Mercurial > repos > rnateam > infer_rnaformer

<tool id="infer_rnaformer" name="@EXECUTABLE@" version="@TOOL_VERSION@+galaxy1" profile="22.05">
    <description>Predict the secondary structure of an RNA with RNAformer</description>
    <macros>
        <import>macros.xml</import>
    </macros>
    <expand macro="requirements">
        <requirement type="package" version="1.83">biopython</requirement>
        <requirement type="package" version="3.7.2">matplotlib</requirement>
        <requirement type="package" version="0.13.2">seaborn</requirement>
        <requirement type="package" version="2.32.3">requests</requirement>
    </expand>
    <command detect_errors="exit_code"><![CDATA[python '$script_file' > '$output']]></command>
<configfiles>
        <configfile name="script_file"><![CDATA[import RNAformer
import os
import argparse
import torch
import urllib.request
import logging
from collections import defaultdict
import torch.cuda
import loralib as lora
from RNAformer.model.RNAformer import RiboFormer
from RNAformer.utils.configuration import Config

from Bio import SeqIO

import logging
import sys

import matplotlib
matplotlib.use("Agg")
import matplotlib.pyplot as plt
import seaborn as sns
import shutil
import datetime
import requests

def is_valid_rna_sequence(sequence):
    """Check if the sequence contains only RNA bases."""
    valid_bases = {'A', 'C', 'G', 'U', 'N'}  # Include 'N' if unknown bases are allowed
    return all(base in valid_bases for base in sequence.upper())

def download_file(url, destination):
    response = requests.get(url, stream=True)
    response.raise_for_status()
    with open(destination, 'wb') as file:
        for chunk in response.iter_content(chunk_size=8192):
            file.write(chunk)

model_url = "https://ml.informatik.uni-freiburg.de/research-artifacts/RNAformer/models/RNAformer_32M_state_dict_intra_family_finetuned.pth"
config_url = "https://ml.informatik.uni-freiburg.de/research-artifacts/RNAformer/models/RNAformer_32M_config_intra_family_finetuned.yml"

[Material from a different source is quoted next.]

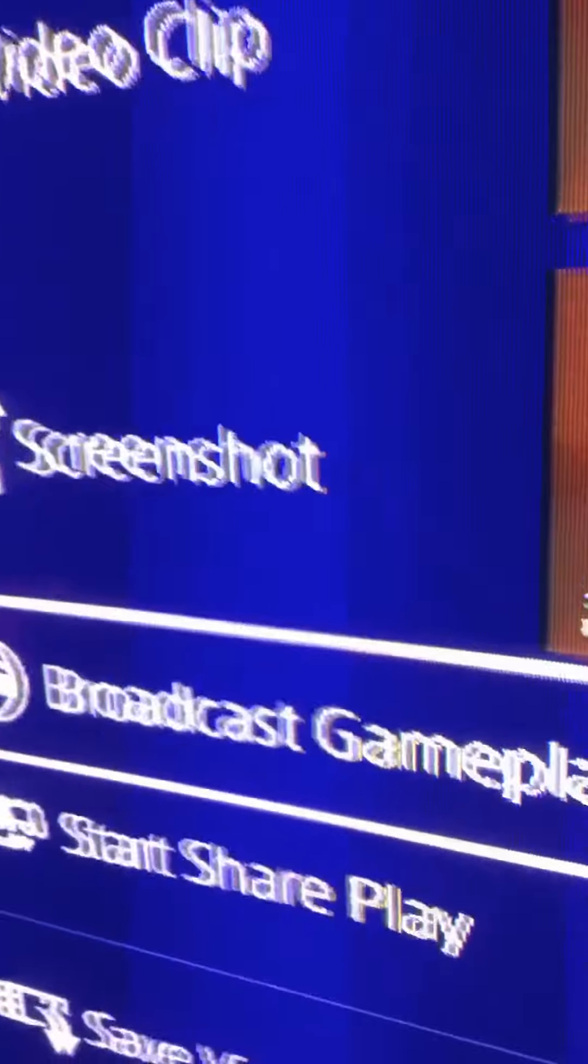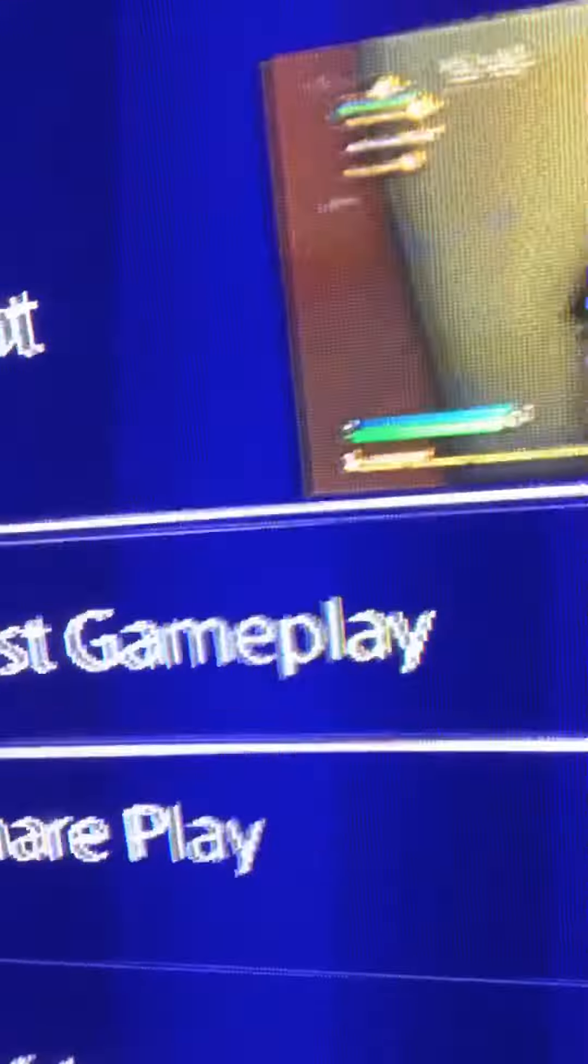It'll stop recording for that. Then you just press share once and then you go up to video clip. When you're on video clip, you press...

model_file_path = "./model/RNAformer_32M_state_dict_intra_family_finetuned.pth"
config_file_path = "./model/RNAformer_32M_config_intra_family_finetuned.yml"

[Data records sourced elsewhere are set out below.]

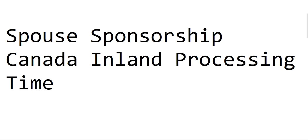Hi guys, welcome to my videos. Today in this video I am going to describe the spouse sponsorship Canada inland processing time as I got from someone. Before I proceed further, I would like to clarify that I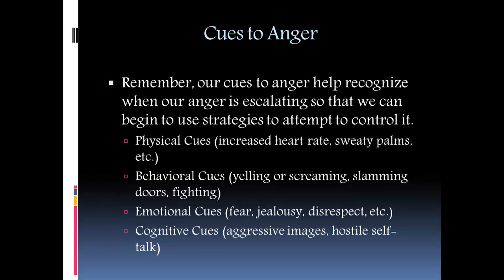Cues to anger: remember, our cues to anger help us recognize when our anger is escalating so that we can begin to use strategies to attempt to control it. Remember there are physical cues, behavioral cues, emotional cues, and cognitive cues.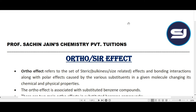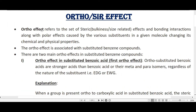This is Professor Sachin Jain explaining the concept of ortho effect, also called the SIR effect. Ortho effect is very important in organic chemistry; it is used to explain the acidic strength, basic strength, and electrophilic substitution for aromatic or substituted benzene compounds. Ortho effect refers to the set of steric bulkiness or size-related effects, bonding interactions, and polar effects caused by various substituents in a molecule, changing its chemical and physical properties.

os.makedirs("./model", exist_ok=True)

model = '$model'
model_config = '$model_config'

if model and os.path.exists(model):
    model_file_path = model
else:
    download_file(model_url, model_file_path)

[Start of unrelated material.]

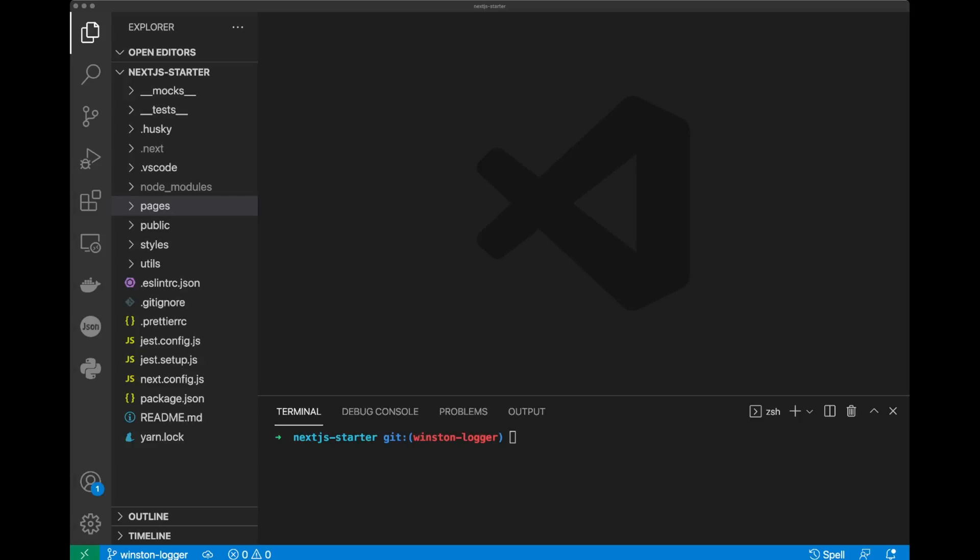Hello guys, in this video we will take a look at how to configure a logger in Next.js application. Logger is an important part of application development.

if model_config and os.path.exists(model_config):
    config_file_path = model_config
else:
    download_file(config_url, config_file_path)

config = Config(config_file=config_file_path)
config.RNAformer.cycling = 6
model = RiboFormer(config.RNAformer)
state_dict_file = model_file_path

matrix_color_type = '$matrix_color_type'
matrix_out_type = '$matrix_out_type'

#if str($input_type.input_type) == 'True'
fasta_path = '$input_type.fasta_input'
sequences = [str(record.seq) for record in SeqIO.parse(fasta_path, 'fasta')]
#else
sequence_string = "$input_type.rna_input_string"
sequences = [seq.strip() for seq in sequence_string.split(',')]
#end if

for seq in sequences:
    if not is_valid_rna_sequence(seq):
        print(f"Invalid RNA sequence detected: {seq}. Please ensure only RNA sequences are used as input.", file=sys.stderr)
        sys.exit(1)

lora_config = {
    "r": config.r,
    "lora_alpha": config.lora_alpha,
    "lora_dropout": config.lora_dropout,
}

with torch.no_grad():
    for name, module in model.named_modules():
        if any(replace_key in name for replace_key in config.replace_layer):
            parent = model.get_submodule(".".join(name.split(".")[:-1]))
            target_name = name.split(".")[-1]
            target = model.get_submodule(name)
            if isinstance(target, torch.nn.Linear) and "qkv" in name:
                new_module = lora.MergedLinear(target.in_features, target.out_features,
                                            bias=target.bias is not None,
                                            enable_lora=[True, True, True], **lora_config)
                new_module.weight.copy_(target.weight)
                if target.bias is not None:
                    new_module.bias.copy_(target.bias)
            elif isinstance(target, torch.nn.Linear):
                new_module = lora.Linear(target.in_features, target.out_features,
                                        bias=target.bias is not None, **lora_config)
                new_module.weight.copy_(target.weight)
                if target.bias is not None:
                    new_module.bias.copy_(target.bias)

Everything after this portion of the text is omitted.